The ILPA Model LPA language below provides an example of standard language governing the key persons’ time dedication to the fund:
• 9.1 Successor Fund. Until the earliest of (i) the termination of the Commitment Period, (ii) the date when 80% of Commitments have been funded, invested, committed or reserved for investments (including Follow-on Investments) or funded or reserved for Fund Expenses; (iii) the date when 60% of Commitments have been funded for investments; and (iv) the termination of the Fund, the General Partner and the Fund Manager shall not, and hereby commit that none of their Affiliates shall, directly or indirectly, accrue any management or advisory fees relating to any vehicle or account (other than any Fund Vehicle), having investment objectives that materially overlap with the Investment Objectives (“Successor Fund”), in each case except with the prior written consent of a Majority in Interest.

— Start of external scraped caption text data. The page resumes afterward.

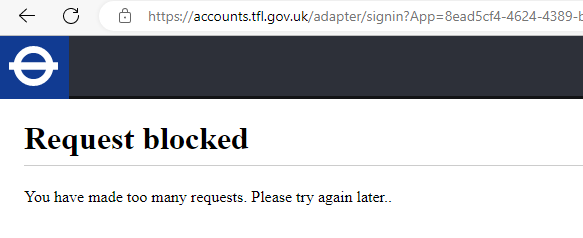 The @TFL oyster card online (website) is down.
I cannot access the card details to see details of previous journeys.
When will this be fixed? 
#error #fail #down 
Your use of <a href="/Cloudflare/">Cloudflare</a> is #failing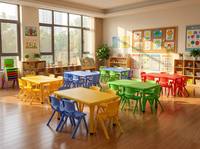 Ensemble de meubles pour enfants, bureaux et chaises durables en métal et en plastique, salle de classe de maternelle, autres meubles scolaires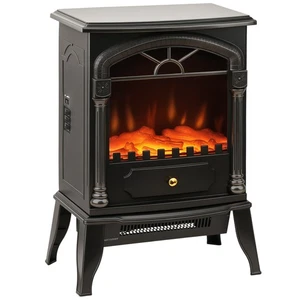 HOMCOM Portable Fireplace with Adjustable Thermostat, 2 Heat Settings, Black - Picture 1 of 11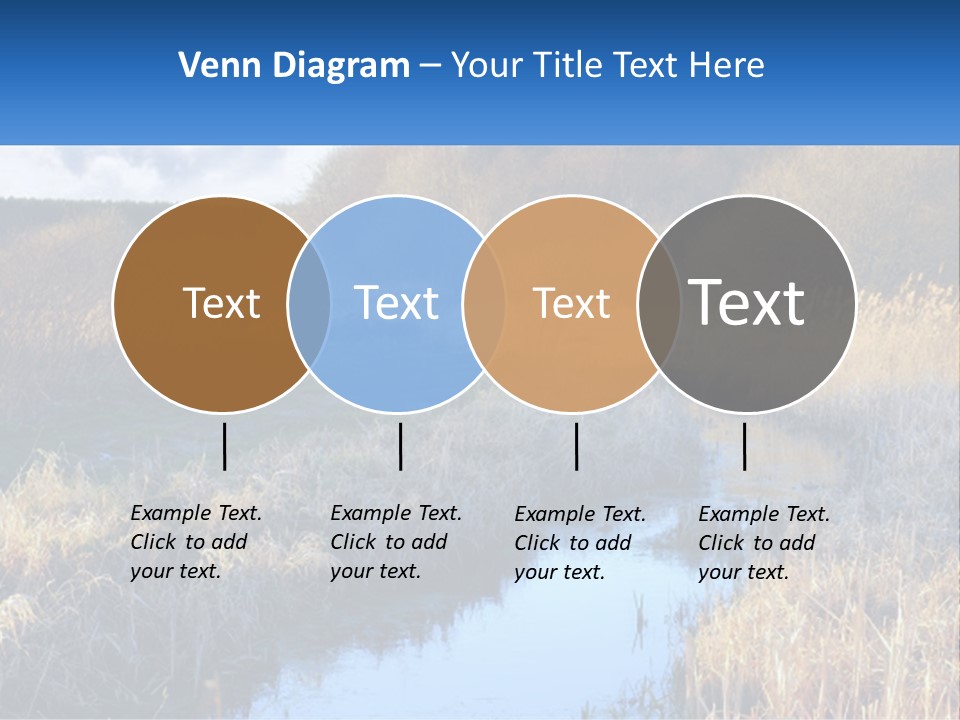 A River Running Through A Lush Green Field PowerPoint Template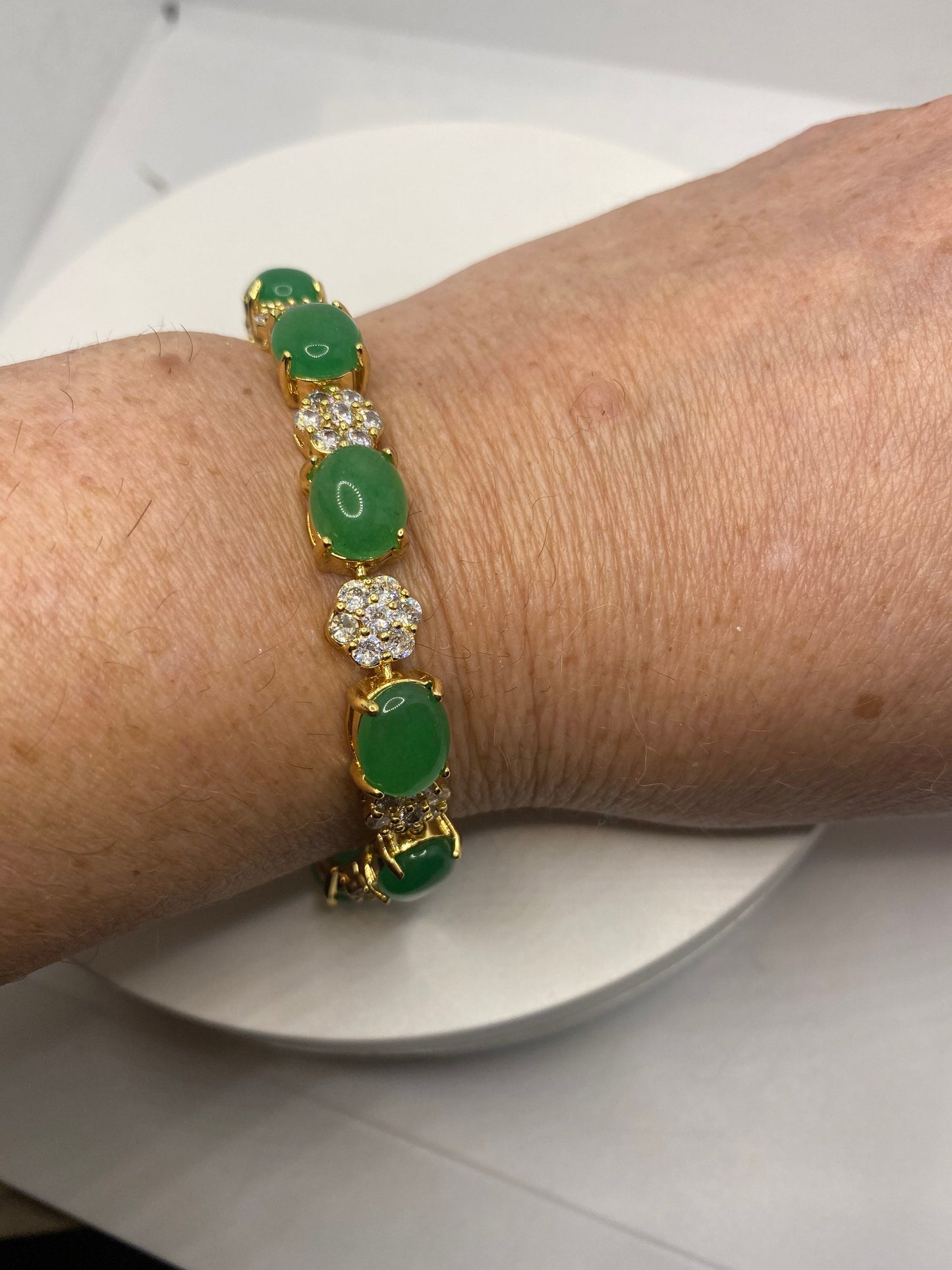 Vintage Green Jade Bracelet Golden Bronze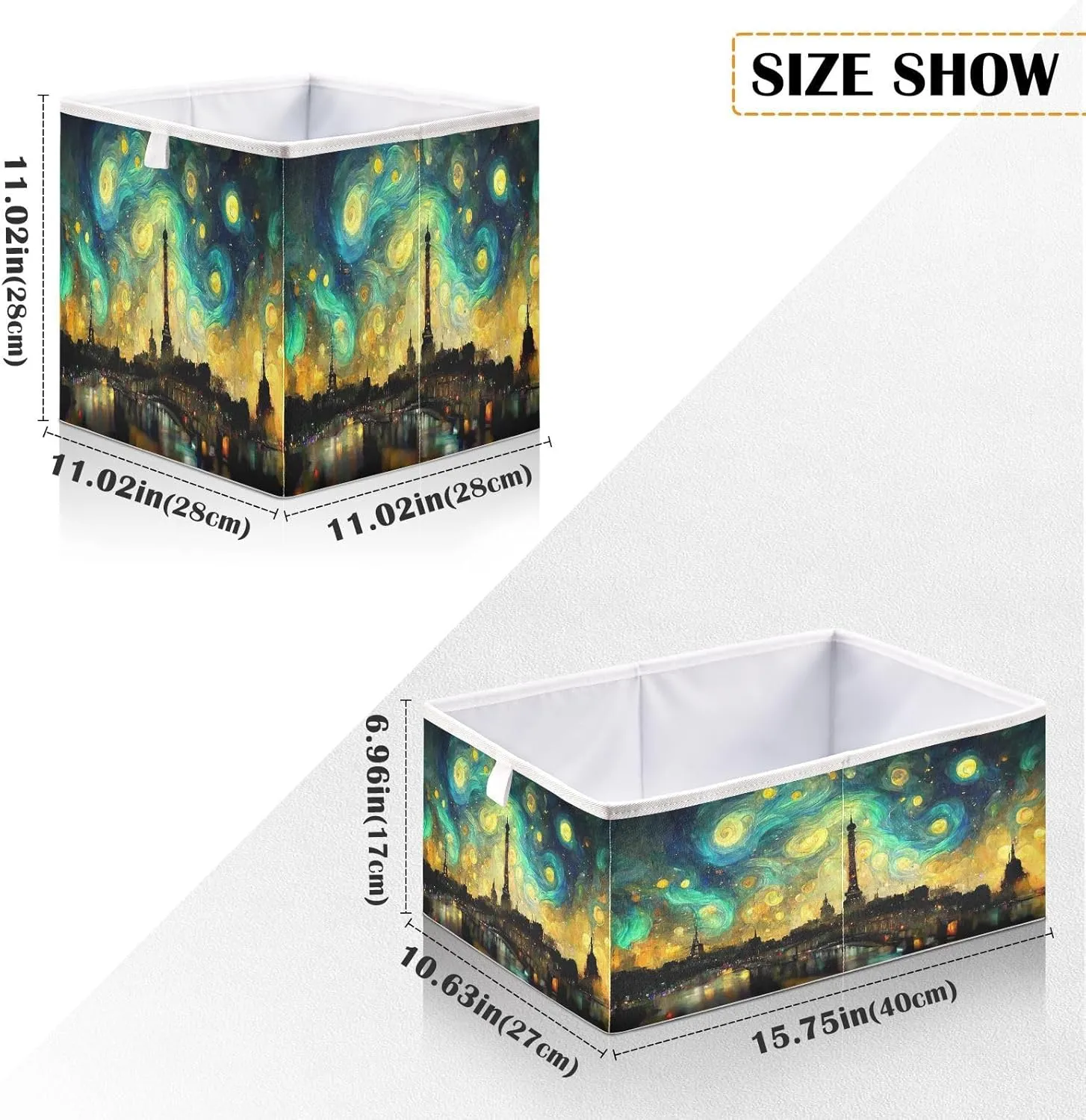 QUGRL Art Magic Starry Sky Storage Bins Cube Fantasy Tower Clothes Storage Basket Foldable Storage Box Organizer for Shelves Closet Cabinet Office Dorm Bedroom 11x11 in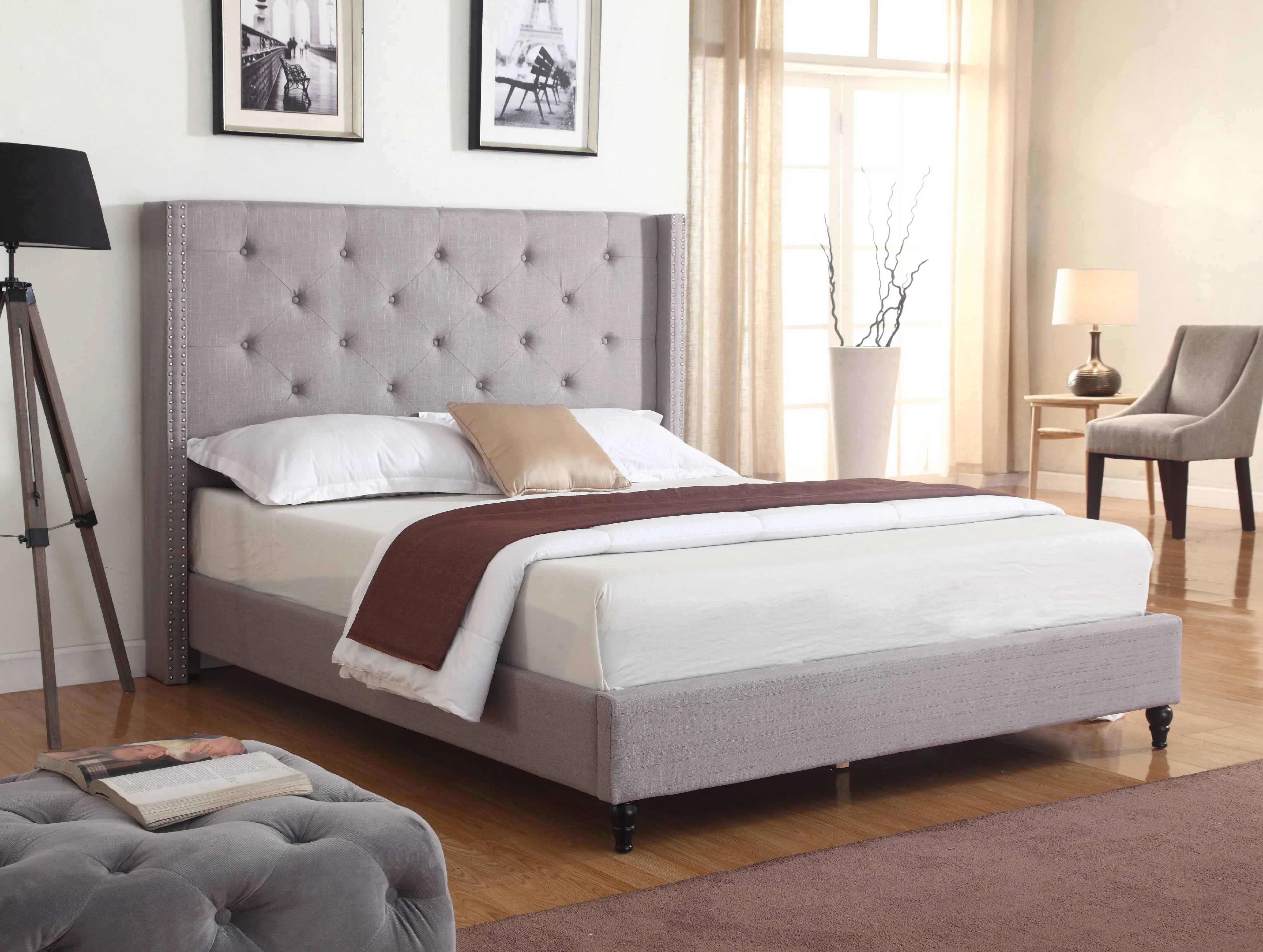 Best Master Furniture Veronica Tufted Wingback Platform Bed Grey, Cal. King | Walmart (US)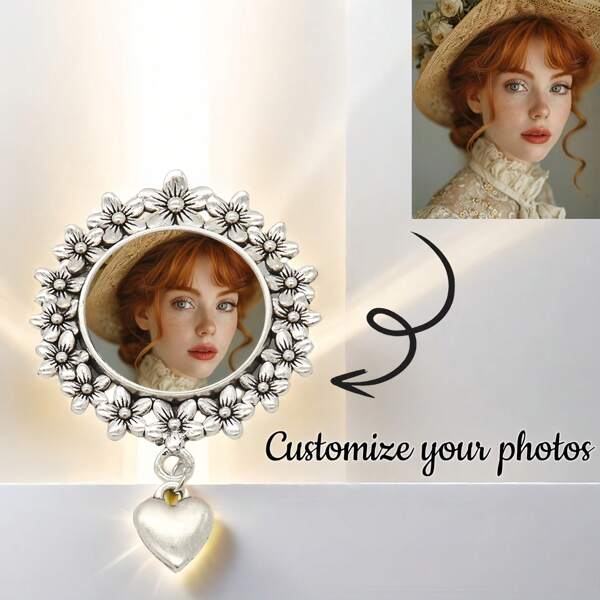 Spilla vintage personalizzata, regalo perfetto per famiglia, amici, partner, festa della mamma, festa del papà, matrimonio, disponibile in varie quantità, spilla con foto personalizzata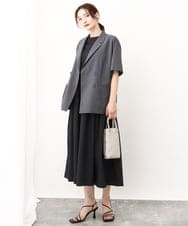 FKDGV50190 MK MICHEL KLEIN(MK ミッシェルクラン) Reflaxハーフスリーブダブルブレストジャケット/セットアップ対応/洗える ダークグレー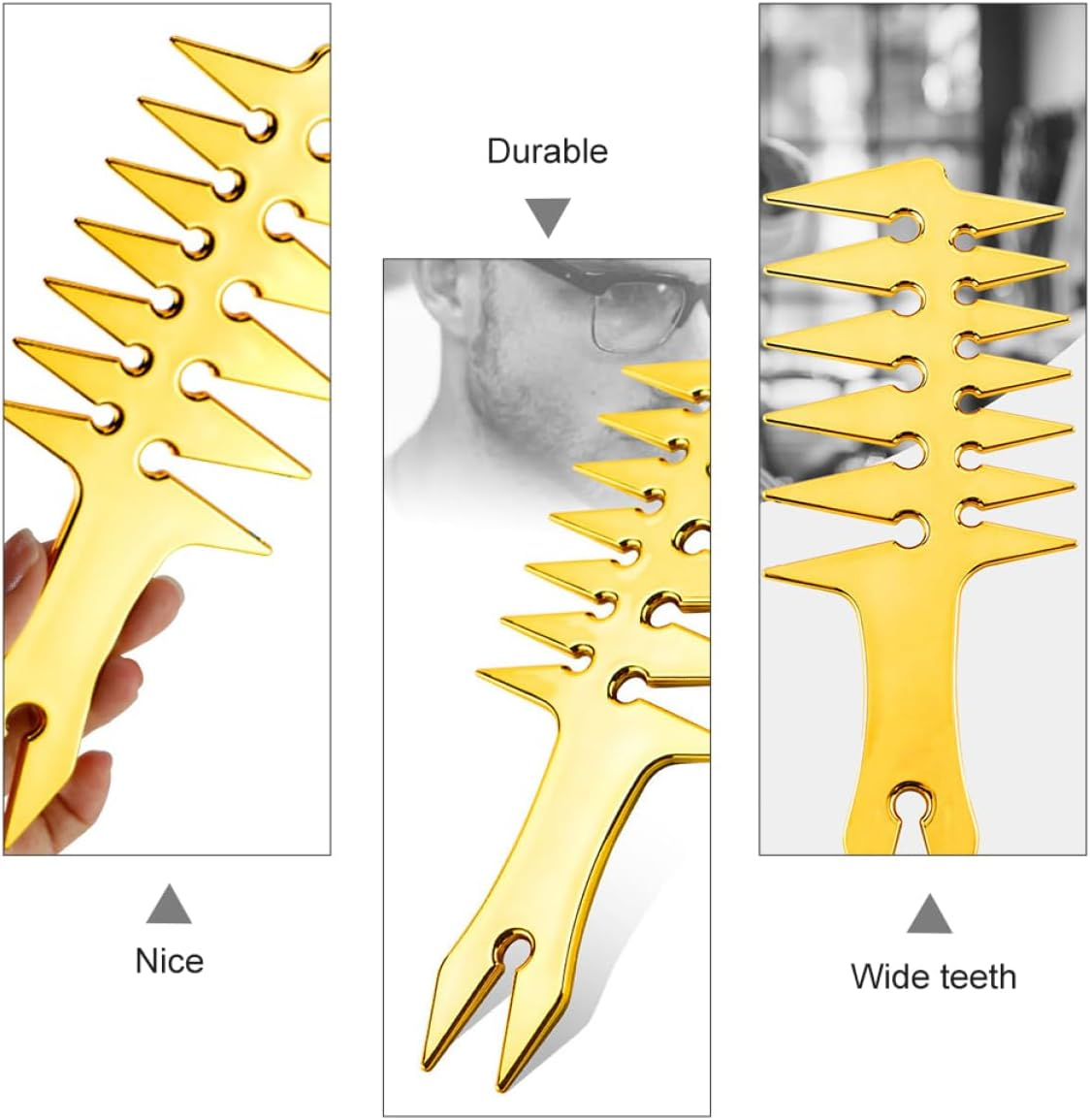 Mikinona Retro Style Comb Mens Hairbrush Oil Hairdressing Comb for Styling and Detangling image number 2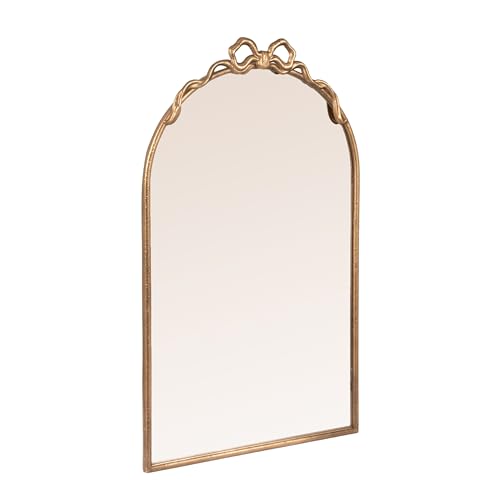 Creative Co-Op Arched Gold Iron Mirror with Decorative Bow - color: Gold, size: 34"L x 19.3"W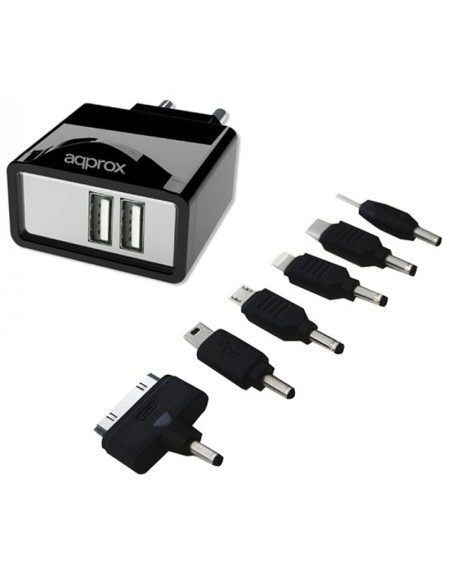 CARGADOR  5V ENCHUFE 2 X UNIVE RSAL + 6 TIPS NEGRO PN: APPUATS EAN: 8435099522461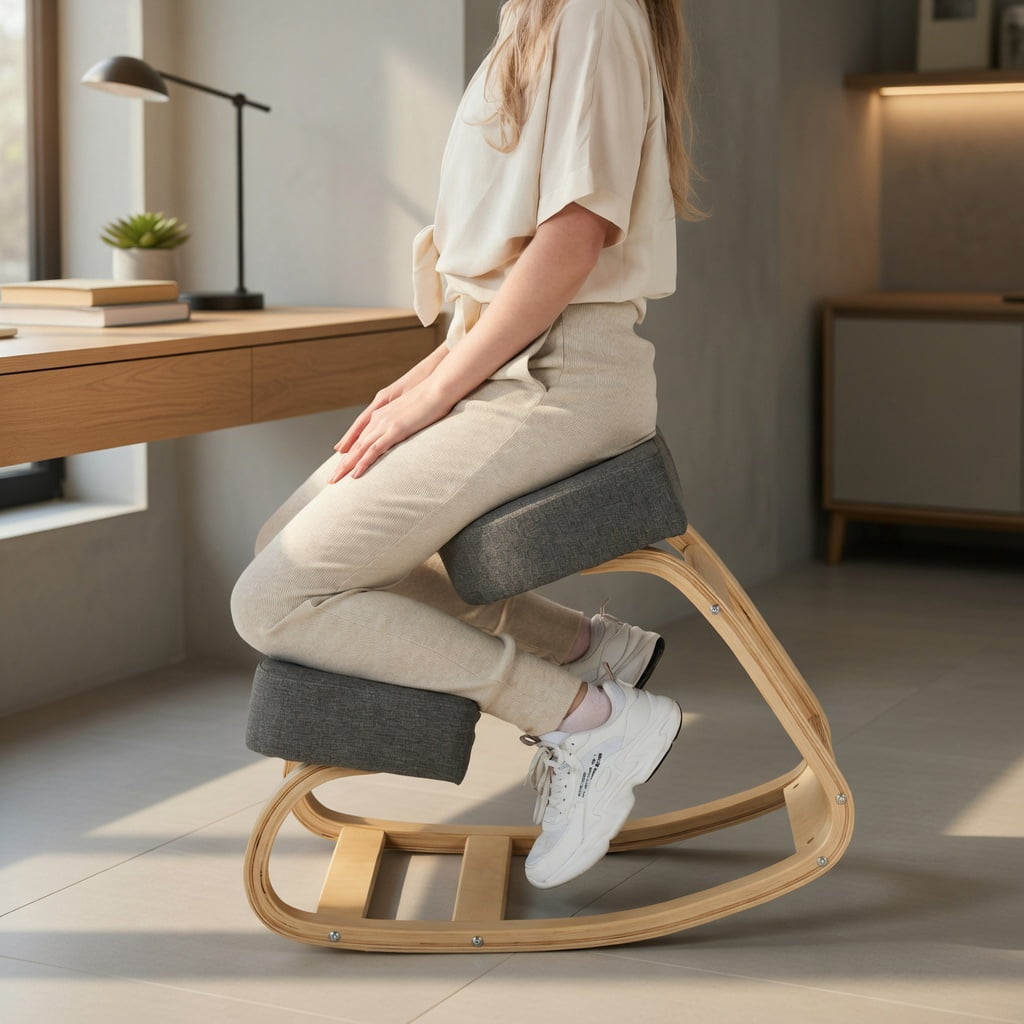 Spaco Ergonomic Kneeling Chair Rocking Office Desk Stool Upright Posture-Gray, Home Office Computer Desk Chair, Ergonomic Office Chair for Bedroom,Study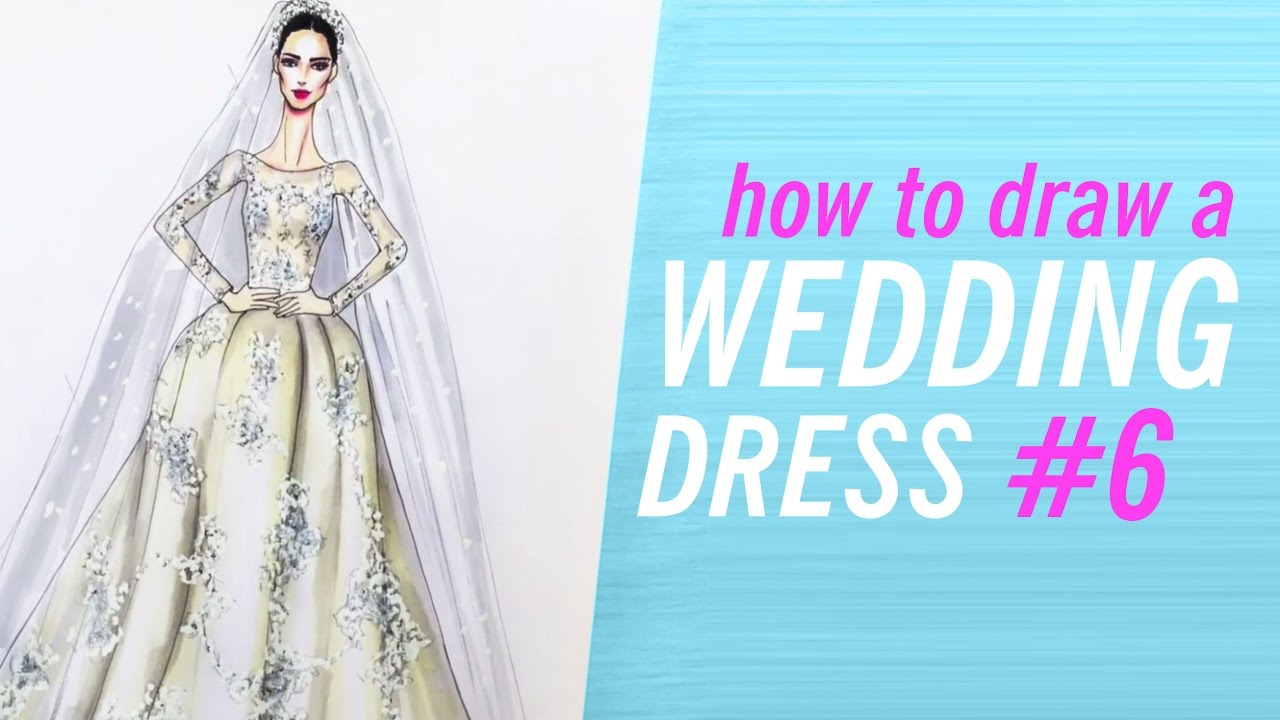 HOW TO DRAW A WEDDING DRESS #6 | Fashion Drawing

• 9.2 Time and Attention. Prior to the termination of the Commitment Period, the General Partner shall cause each of the General Partner, Fund Manager, and the Key Persons to devote substantially all of such Person’s business time to the affairs of the Fund, the General Partner, the Investment Manager, any Alternative Vehicles, any Parallel Vehicles, any co-investment, Prior Funds, or other investment vehicles permitted by this Agreement. After the termination of the Commitment Period, the General Partner shall cause each of the General Partner, Fund Manager, and Key Persons to devote that portion of their time to the affairs of the Fund as is necessary for the management of the Fund.
Key Person Provisions in the LPA
Because key persons are the individuals on whom the success of the fund is highly dependent, any significant change in those individuals or event impacting their ability to dedicate to the fund the agreed amount of time and attention should allow investors in the fund (referred to as Limited Partners or “LPs”) to reconsider their decision to commit to the fund, and changes to key persons customarily require the approval of limited partners’ advisory committee (“LPAC”) or a majority of the LPs.
Where a key person event takes place, market standards in private equity and venture capital dictate that the investment period of the fund, and thus the GP’s ability to call on capital commitments to make new investments, would be suspended. If this happens, the GP will customarily devise a plan to remedy the event, including proposing alternative key persons, and submit such plan to the LPAC or LPs to seek approval to lift the suspension. If the suspension is not lifted after a period of time (usually between 90 and 120 days) the fund’s investment period will permanently be terminated, and the fund will no longer be able to make new investments.
Fund Manager Growth
Fund managers grow through attracting more investor funds or ‘assets under management – AUM’. AUM determine the level of management fees that the fund manager is able to generate in aggregate across its various funds, which directly tie to its ability to grow its team and resources, and thus identify and manage more and better transactions. The conundrum in which fund managers find themselves in in light of the key person principles, which is acute for fund managers who are negotiating the terms of their first fund, is that key person principles significantly restrict the fund manager’s ability to raise a second and a third fund during the first fund’s investment period, which is customarily 4 to 5 years from the fund’s first closing. This is understandable because on one hand the fund manager’s key persons should – and want to – focus their time on the fund, but on the other hand the fund manager’s management team wants to grow the business.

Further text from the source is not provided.